This Is What Helped Honeywell Automation Defy The Slowdown

Honeywell Automation’s shares have risen since Budget 2020 but those of peers ABB India and Siemens have fallen. What gives?

Honeywell International Inc. Signage (Photographer: Joshua Lott/Bloomberg)

Honeywell Automation India Ltd. defied a slowing economy as it focuses on its infrastructure and pharmaceutical verticals.

The revenue of $130-billion U.S.-based Honeywell International Inc.’s Indian arm rose in double digits for the three months ended December, according to Bloomberg data. Revenue of its peers—ABB India Ltd. and Siemens Ltd.—contracted during the period.

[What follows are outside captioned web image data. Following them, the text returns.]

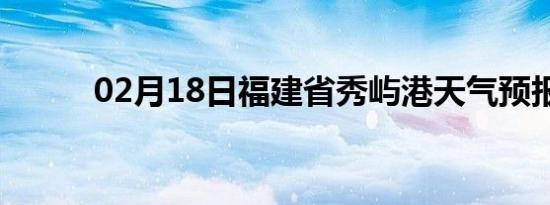 02月18日福建省秀屿港天气预报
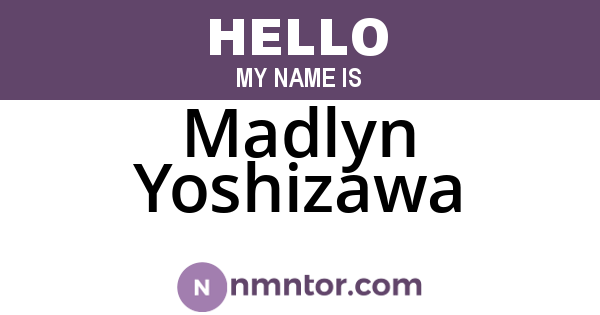 Madlyn Yoshizawa
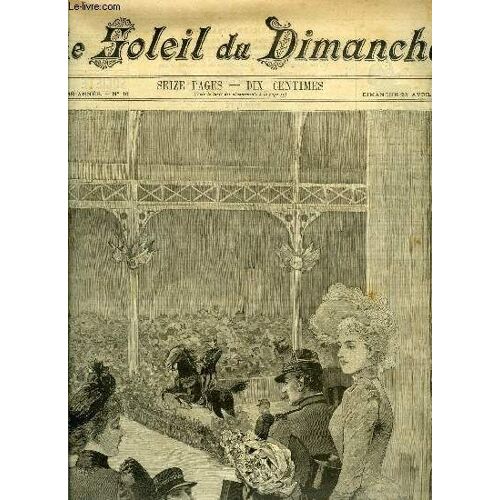 Le Soleil Du Dimanche N° 16 - Au Concours Hippique Un Jour De Courses D Officiers Par M. Reichan, L Année Par Jacques Breton, La Lecture Du Journal, Les Paques A Saint Pétersbourg - Le Tzar Revient De(...)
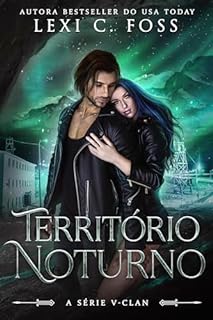 Território Noturno (A Série V-Clan Livro 2)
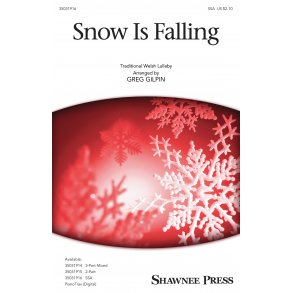 Greg Gilpin: Snow Is Falling (SSA)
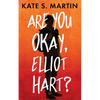 Are You Okay, Elliot Hart? - Paperback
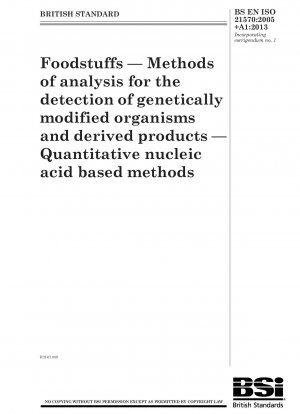 Lebensmittel. Analysemethoden zum Nachweis gentechnisch veränderter Organismen und Folgeprodukte. Quantitative Methoden auf Nukleinsäurebasis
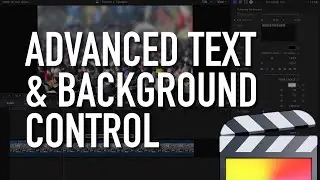 Advanced Text and Background Control in Final Cut Pro X  FCPX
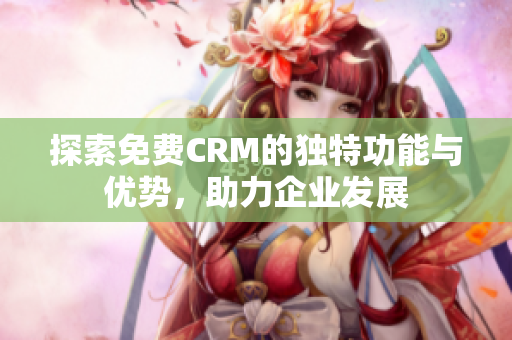 探索免费CRM的独特功能与优势，助力企业发展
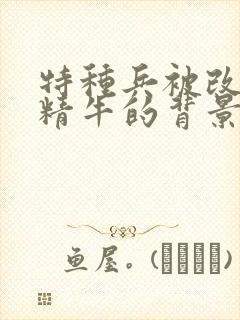 特种兵被改造成精牛的背景故事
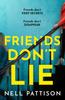 Книга Friends Don???t Lie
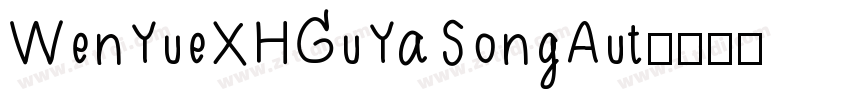 WenYueXHGuYaSongAut字体转换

Shares of Honeywell have surged more than 71 percent in the last one year, and have gained 31 percent since Union Budget 2020-21. Siemens rose 46 percent in the past 12 months while ABB India gained 10 percent. Both have fallen since the budget.

To be sure, Honeywell has very low trading volumes because of high promoter holding—which amplifies stock movements.

The provider of automation products and services to industries and buildings stands to gain on the increased outlay to build 100 airports over the next five years under the UDAN regional connectivity scheme and 40 percent higher allocation for Smart Cities. The company has already executed three Smart City projects and seven others are in progress.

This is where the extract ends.